Inference-Time Policy Steering through Human Interactions (2411.16627v2)

Abstract: Generative policies trained with human demonstrations can autonomously accomplish multimodal, long-horizon tasks. However, during inference, humans are often removed from the policy execution loop, limiting the ability to guide a pre-trained policy towards a specific sub-goal or trajectory shape among multiple predictions. Naive human intervention may inadvertently exacerbate distribution shift, leading to constraint violations or execution failures. To better align policy output with human intent without inducing out-of-distribution errors, we propose an Inference-Time Policy Steering (ITPS) framework that leverages human interactions to bias the generative sampling process, rather than fine-tuning the policy on interaction data. We evaluate ITPS across three simulated and real-world benchmarks, testing three forms of human interaction and associated alignment distance metrics. Among six sampling strategies, our proposed stochastic sampling with diffusion policy achieves the best trade-off between alignment and distribution shift. Videos are available at https://yanweiw.github.io/itps/.

• The paper introduces the ITPS framework, enabling real-time human intervention during inference without modifying pre-trained architectures.
• It evaluates six human-interaction methods, with Stochastic Sampling achieving the best trade-off between alignment to user intent and adherence to constraints.
• Experiments in simulated and real-world environments demonstrate ITPS's potential for robust, adaptive human-robot collaboration.

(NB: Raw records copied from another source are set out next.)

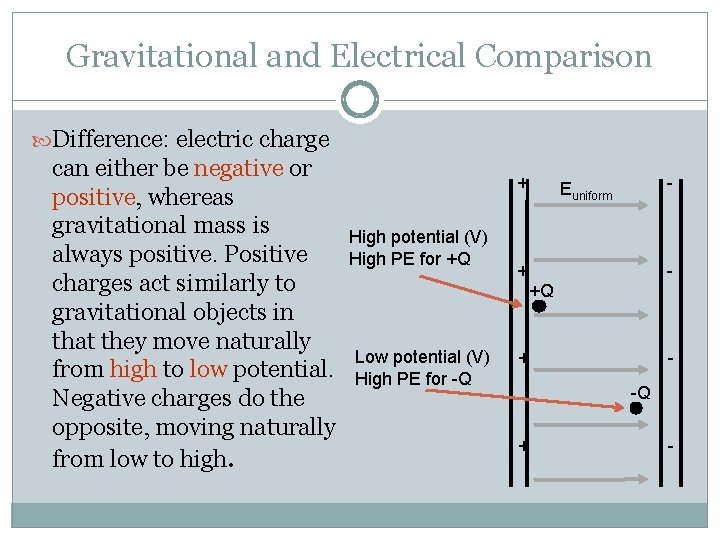 Gravitational and Electrical Comparison Difference: electric charge can either be negative or positive, whereas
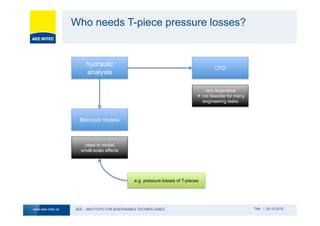 AEE – INSTITUTE FOR SUSTAINABLE TECHNOLOGIESwww.aee-intec.at Title | 24.10.2016
Who needs T-piece pressure losses?
hydraulic
analysis
CFD
very expensive
à not feasible for many
engineering tasks
Bernoulli models
need to model
small-scale effects
e.g. pressure losses of T-pieces
 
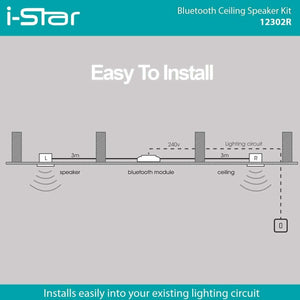 Altoparlanti da Soffitto Bluetooth Kit completo, 2x Casse Incasso con...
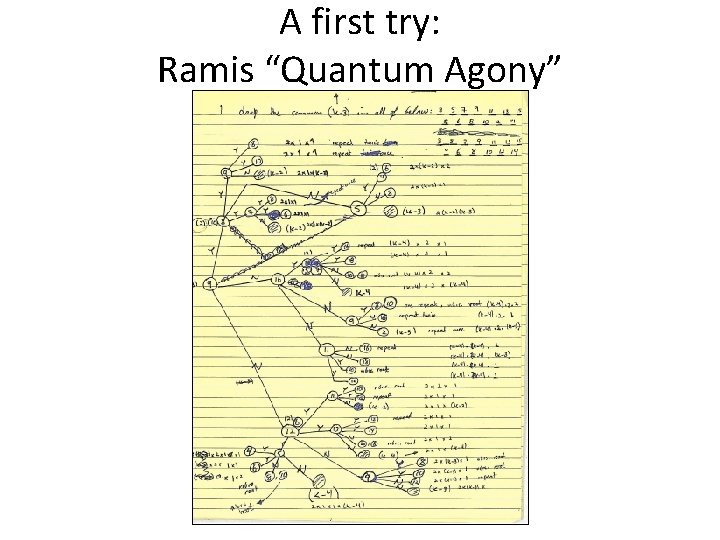 A first try: Ramis “Quantum Agony” 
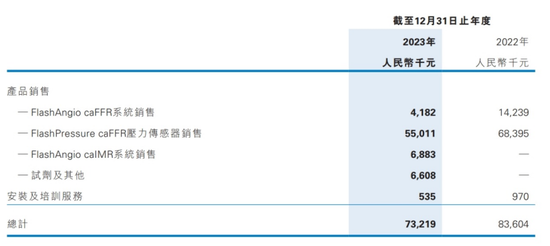 2名医疗器械中层菲律宾遇害，背后上市公司已成“仙股”  第11张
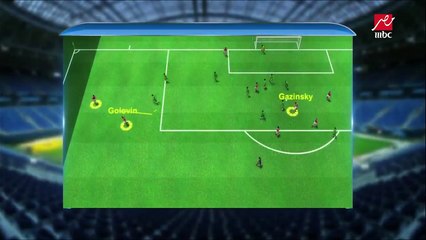 شاهد أهداف المنتخب الروسي في نظيره السعودي خلال افتتاح المونديال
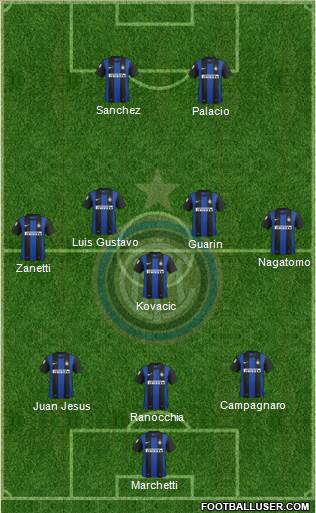 F.C. Internazionale Formation 2013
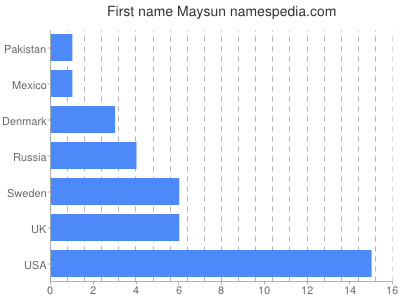 Given name Maysun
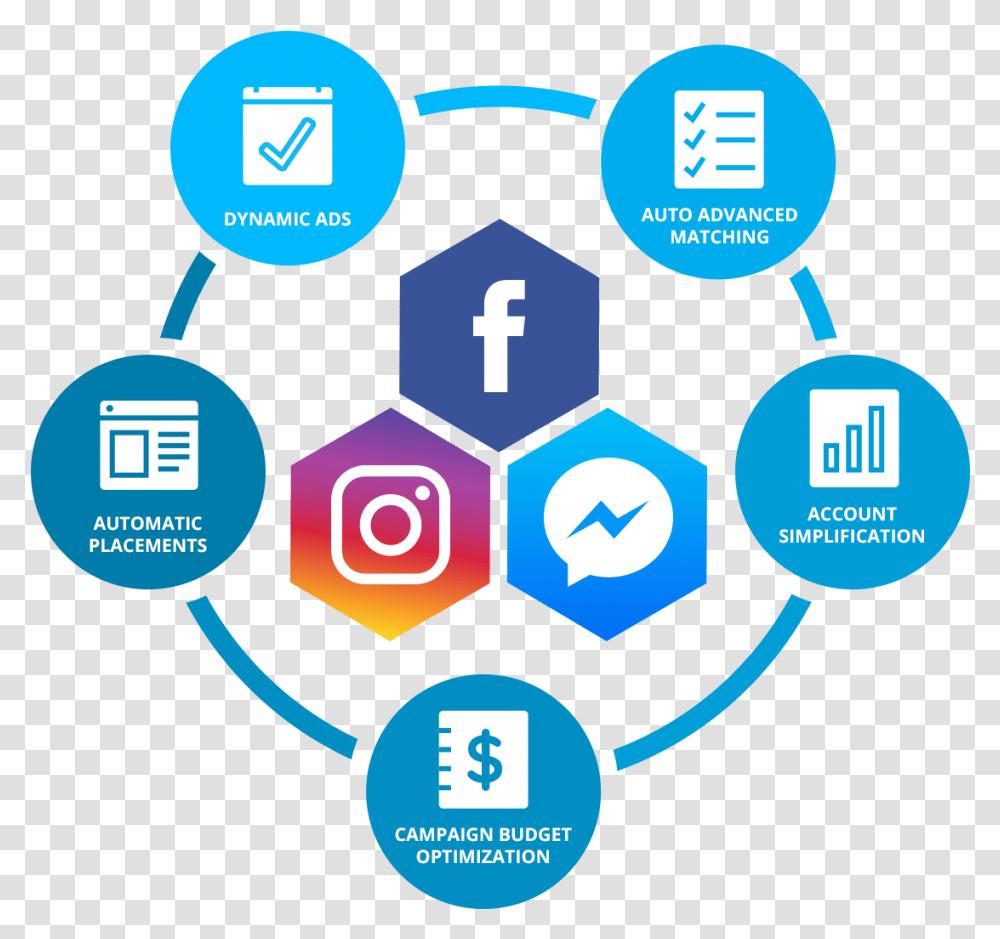 Instagram & Facebook Ads Virtual Summit Live Free Online Facebook Ads And Instagram Ads, Text, Number, Symbol, Electronics Transparent Png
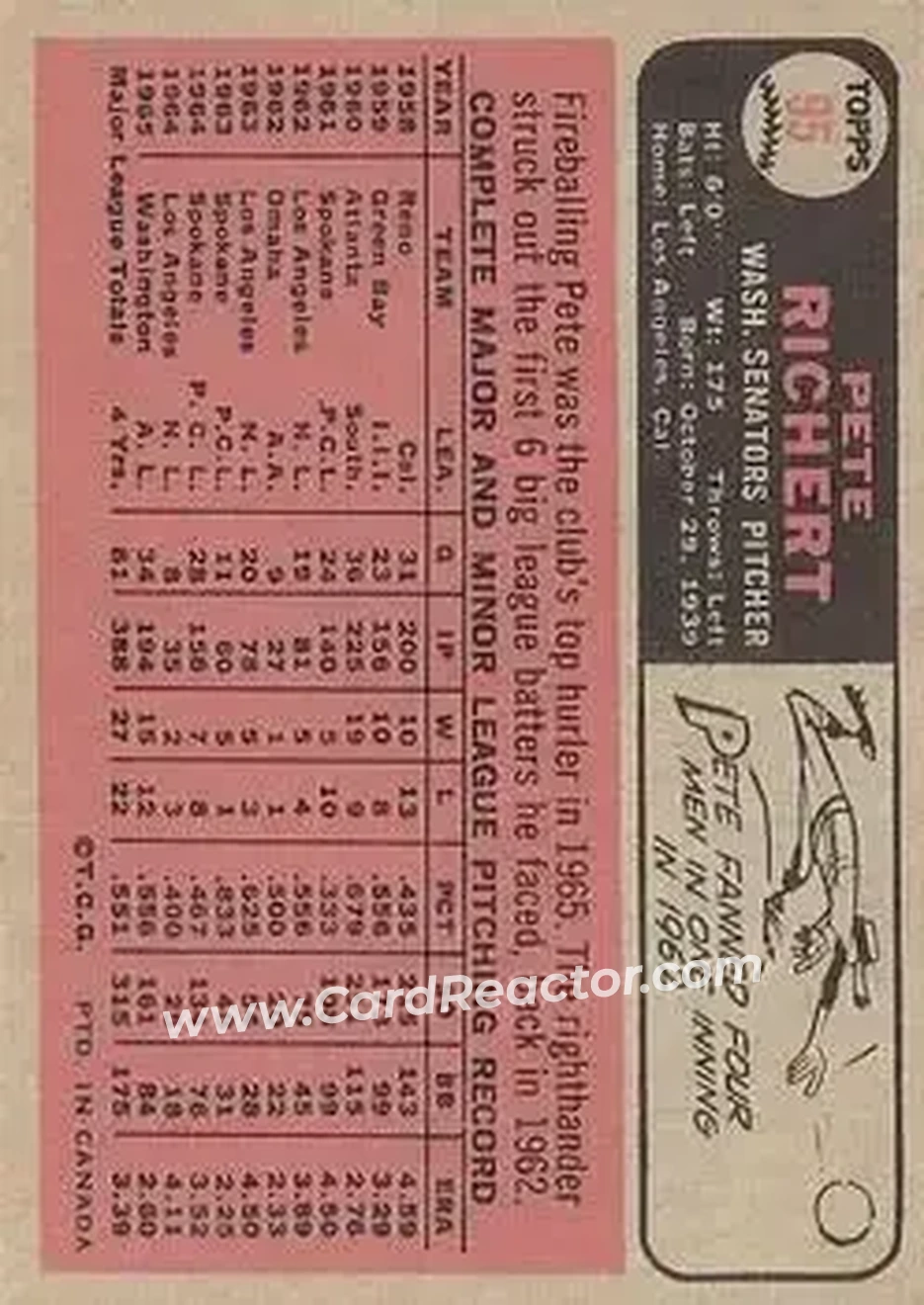 1966 O-Pee-Chee #95 - Pete Richert - Washington Senators - Back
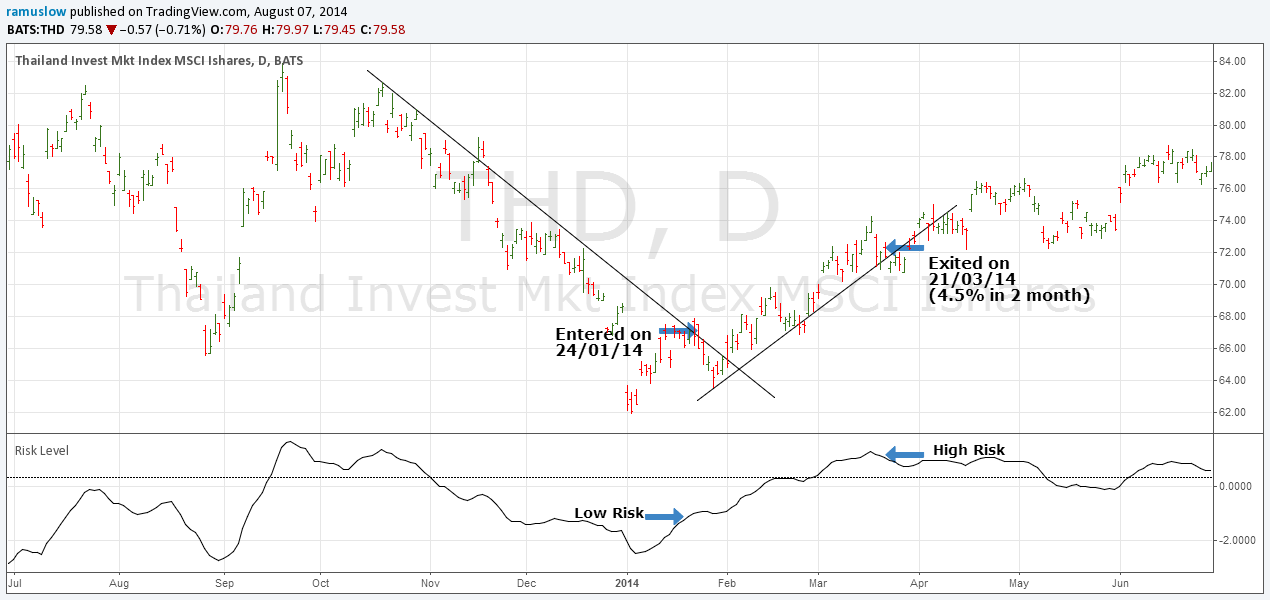 Unit investment trust (uit) trading system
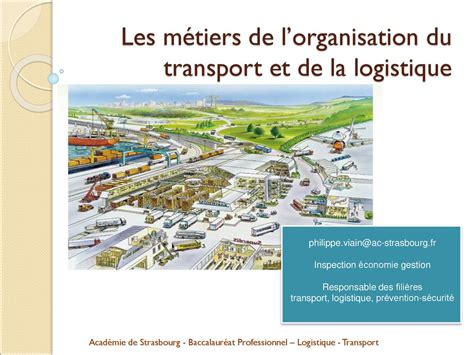 Les M Tiers De Lorganisation Du Transport Et De La Logistique Ppt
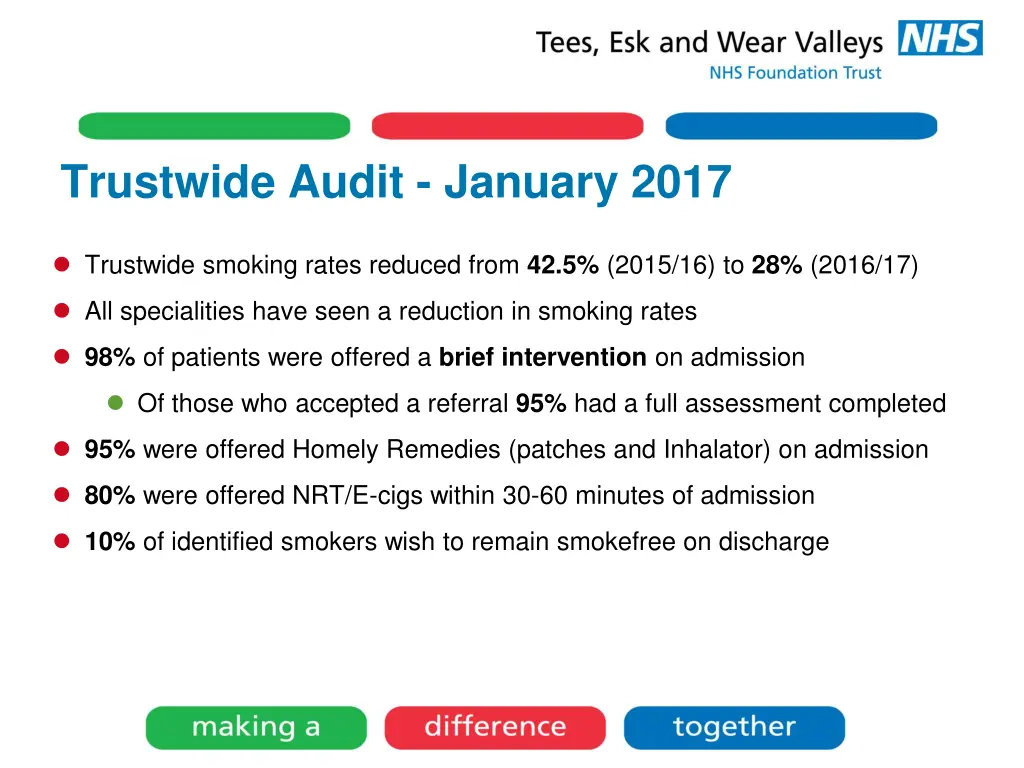 trustwide audit january 2017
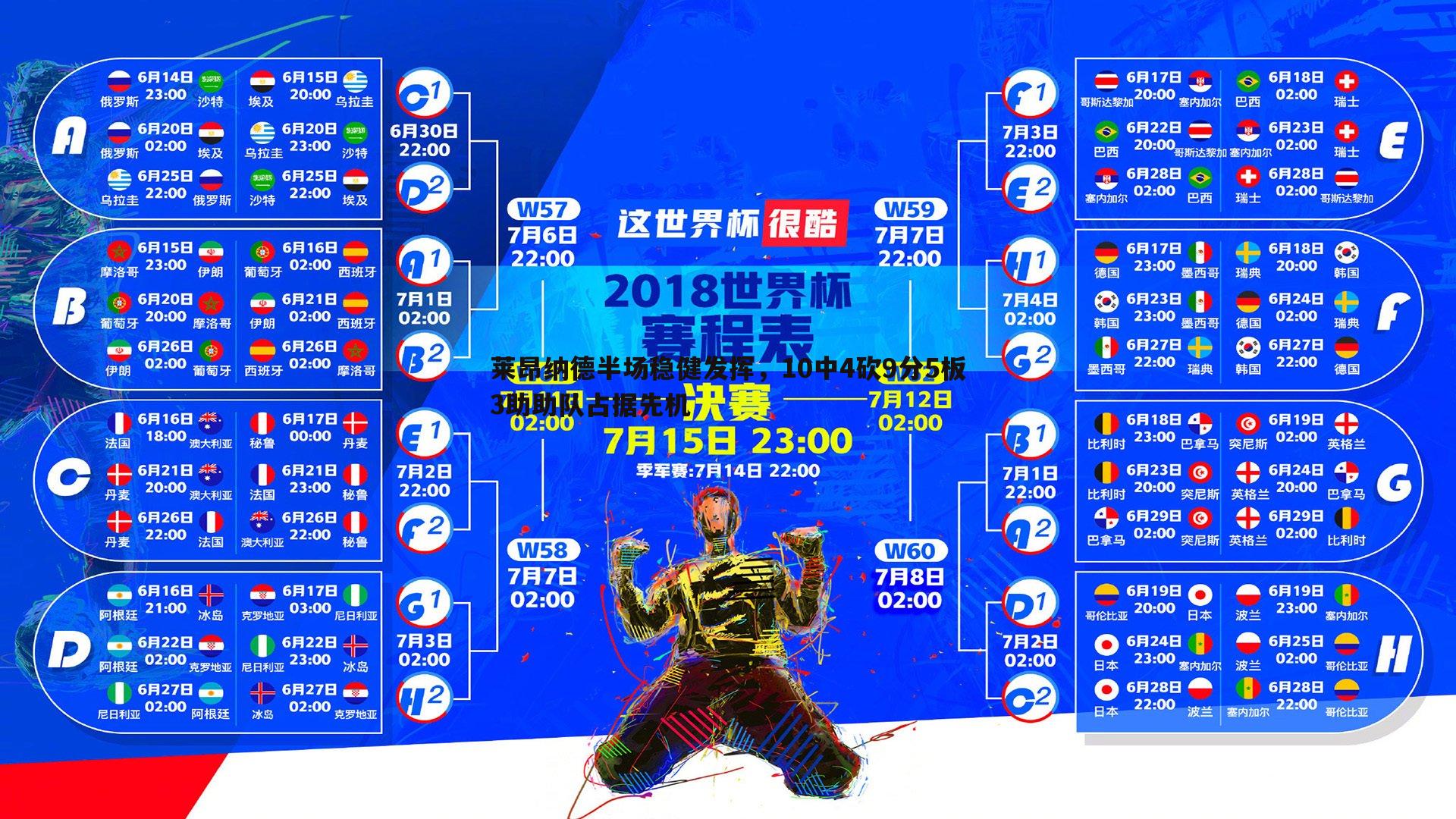 莱昂纳德半场稳健发挥，10中4砍9分5板3助助队占据先机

Inference-Time Policy Steering through Human Interactions

The paper introduces the Inference-Time Policy Steering (ITPS) framework, a method developed to incorporate real-time human interactions into the execution of generative policies without altering the pre-trained policy architecture. This approach addresses the limitations of deploying generative policies that are trained on multimodal human demonstrations but lack the flexibility to adjust per user directives at inference time. ITPS aims to bias the sampling process during inference to align policy outputs more closely with human intent, thus accommodating specific sub-goal specifications and trajectory shapes without fine-tuning the policy on new interaction data.

The authors evaluate the ITPS framework using three benchmarks in both simulated and real-world environments, allowing for a robust assessment of the ability of the tested policies to handle human interventions at inference time. The experimental results demonstrate the ITPS's effectiveness in maintaining the balance between alignment with human intent and distribution shift—an inherent risk of policy execution when guided by human intervention. Out of the six proposed methods for integrating human interactions into the generative sampling process, the stochastic sampling with diffusion policy emerges as the most effective, achieving the best trade-off between alignment and constraint adherence.

Key Results

1. Inference-Time Steering Methods: Six methods for interaction-conditioned sampling are proposed, with three (Biased Initialization, Guided Diffusion, and Stochastic Sampling) capitalizing on diffusion policy capabilities. Among these, Stochastic Sampling efficiently balances the optimization of the user-specified objective function with preservation of data manifold adherence, significantly reducing the likelihood of distribution shifts and execution failures.
2. Alignment-Constraint Satisfaction Trade-off: The research establishes that methods improving alignment to user inputs often introduce increased constraint violations. Stochastic Sampling effectively mitigates these violations, maintaining high alignment with user intent without compromising task success rates.
3. Practical Applications and Benchmarks: ITPS was tested in scenarios ranging from continuous motion alignment in Maze2D to task execution in a real-world kitchen environment. Each benchmark highlighted different aspects of ITPS's effectiveness, showcasing its applicability in dynamic environments where discrete task alignment is crucial.

Implications and Future Directions

The ITPS framework's implications are significant for developing robotic systems capable of continuous human interaction in real time, an essential feature for advanced human-robot collaboration. By enabling pre-trained models to adapt dynamically based on human inputs without the need for extensive retraining or data collection processes, ITPS offers a scalable approach for deploying adaptive policies in diverse settings.

The results suggest that adding an MCMC-based sampling process within diffusion policies provides a robust method for steering inference-time behavior, hinting at new directions for research in policy robustness and adaptability without compromising performance. Future research could focus on distilling the recognition of alignment objectives into a conditioned policy model, potentially increasing responsiveness and reducing computational overhead. Additionally, conducting human-subject studies could further validate the steerability and user-friendliness of interacting with ITPS-based systems, driving toward more natural and flexible human-robot interfaces.

Overall, the paper successfully addresses a critical gap in human-robot interaction tasks by formulating a robust method for inference-time adaptability, demonstrating strong potential for practical deployment in various complex real-world applications.